I guess I should have answered this question before I read the articles. However, my idea of how reading is learned comes from only my experience as a pre-school teacher. I have always said for me personally the first time a child decodes a word is almost more exciting than the first step. My experience in a Montessori classroom has shown me that children can perform many exercises that prepare them for early reading among which include doing everything from left to right. Picture recognition and exercises in picture matching can provide good preparation for later recognizing letters. While working with children on the phonics, providing them with movable objects that begin with sounds we are teaching them seems to be helpful. Also having them trace the letter on raised letter boards as well as using a sand tray for tracing helps the child imprint the sound on their brain. I very much like the fact that we rarely call letters by their name but rather byt the sound they make. Reading seems to occur for many in our school in a very natural manner with little stress or frustration. Children seem to enjoy journal writing and picture story where they learn to talk about what they see and that words in the journal can tell their own story.

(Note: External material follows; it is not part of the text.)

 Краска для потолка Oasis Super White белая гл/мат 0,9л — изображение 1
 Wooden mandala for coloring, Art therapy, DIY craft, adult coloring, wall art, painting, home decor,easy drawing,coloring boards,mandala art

I think that many of the methods we use in the montessori curriculum to teach langauge and reading could be very beneficial to those who have difficulty learning and perhaps they could learn more easily by touching and feeling. It is far easier to teach with the concrete materials before moviung on the the written.
In conclusion, I guess I have a lot to learn about different methods of teaching reading and I am anxious to do so, and hope that i can adopt some of these methods too.